Top of EXERCISE DATA

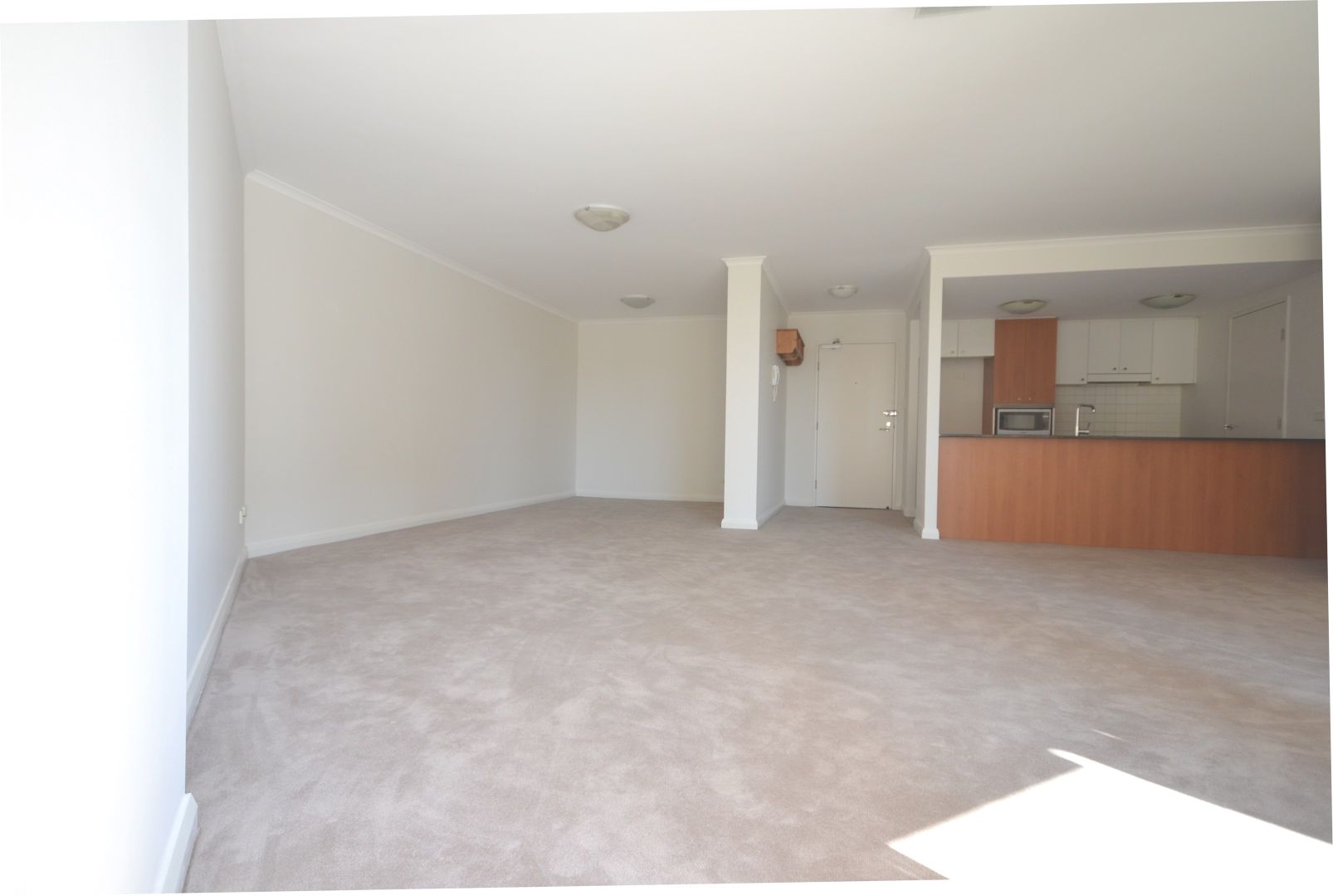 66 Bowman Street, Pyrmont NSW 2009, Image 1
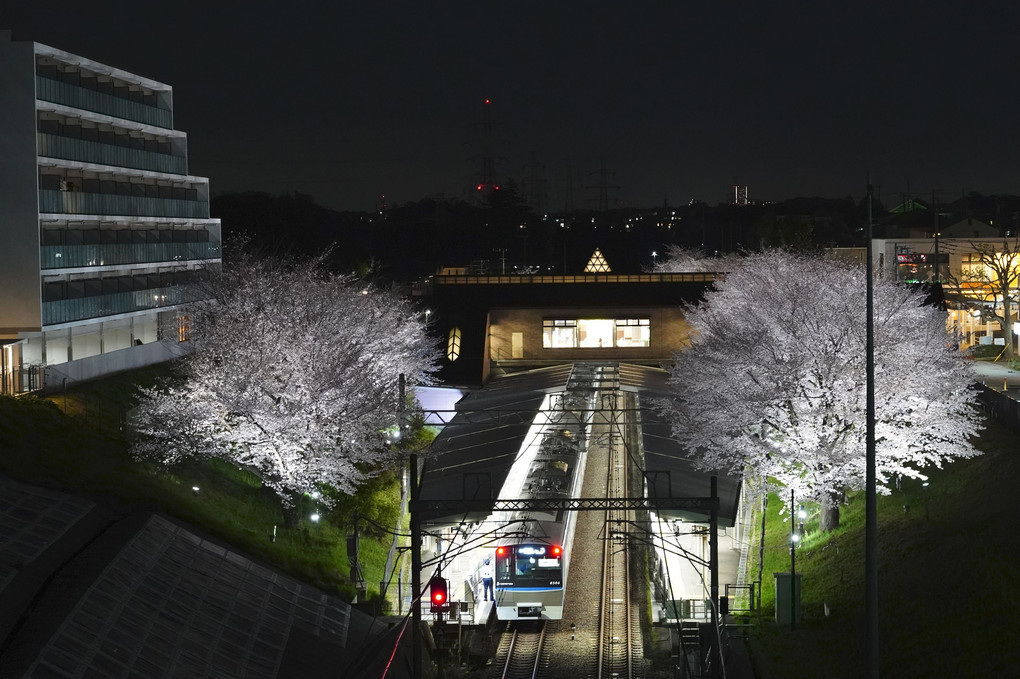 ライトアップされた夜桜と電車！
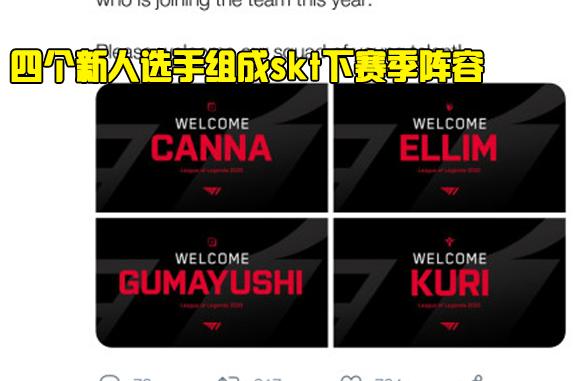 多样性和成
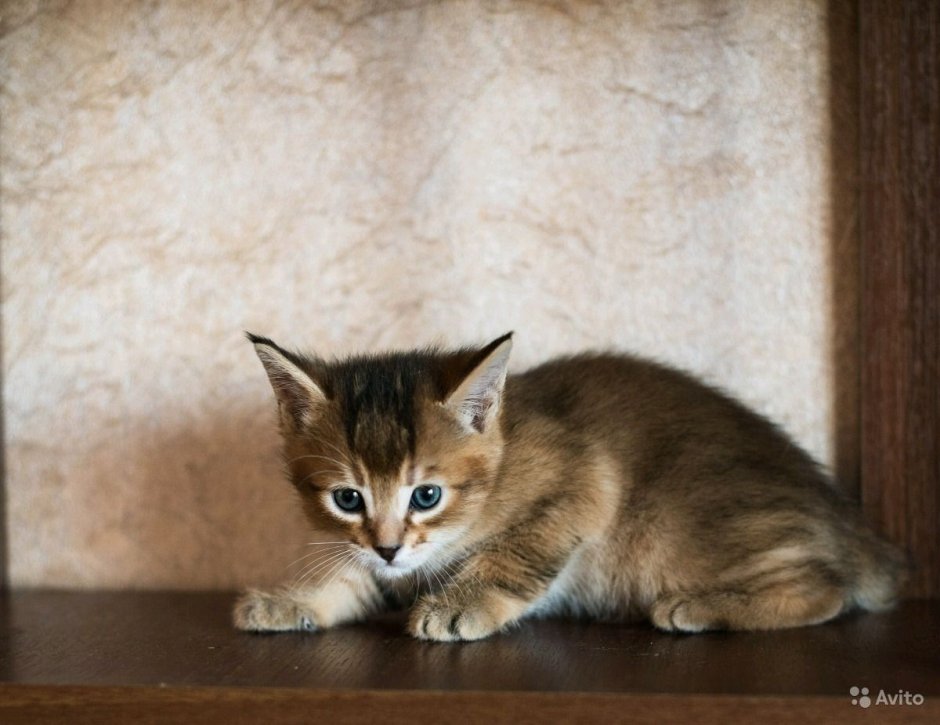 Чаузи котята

Bottom of EXERCISE DATA

| TO DO |
Leave the pictures out and print the whole listing precisely.

| EXPECTED ANSWER |
 66 Bowman Street, Pyrmont NSW 2009, Image 1
 ライトアップされた夜桜と電車！
 多样性和成
 Чаузи котята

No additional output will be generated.